Quote exactly, and only, the lines from the one containing "Mercedes-Benz A 180 d Style Aut. - 12" through the end of the material below. Skip pictures.

◆ **Given material**:
**********
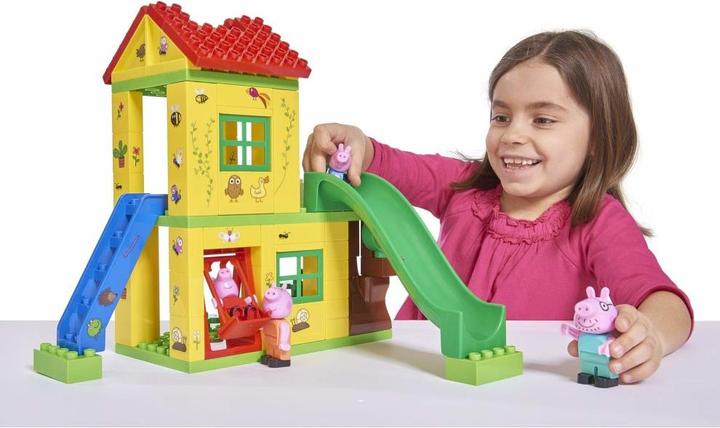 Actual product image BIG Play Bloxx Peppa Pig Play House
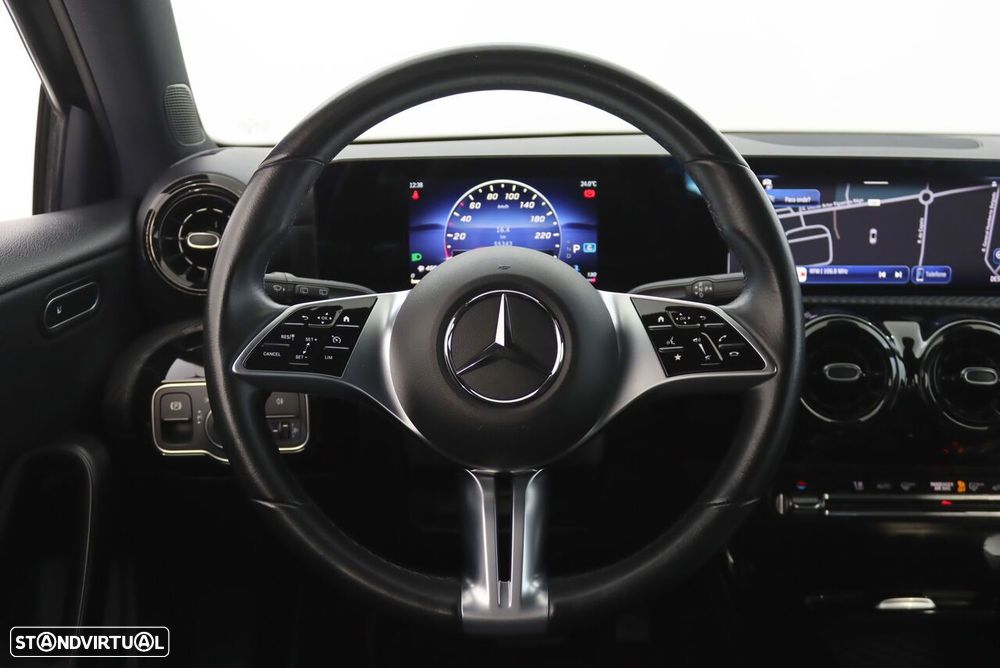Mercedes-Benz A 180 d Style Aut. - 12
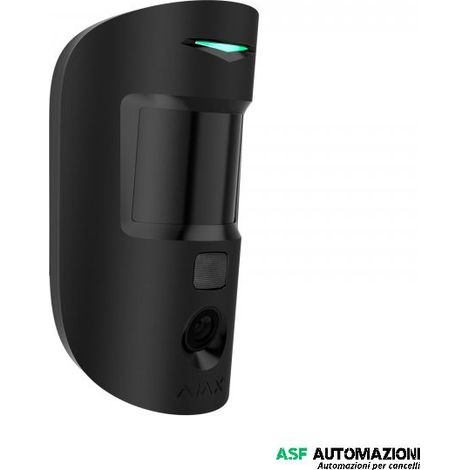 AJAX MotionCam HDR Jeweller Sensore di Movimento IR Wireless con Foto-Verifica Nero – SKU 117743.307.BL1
**********
◆ **Final answer**:
Mercedes-Benz A 180 d Style Aut. - 12
 AJAX MotionCam HDR Jeweller Sensore di Movimento IR Wireless con Foto-Verifica Nero – SKU 117743.307.BL1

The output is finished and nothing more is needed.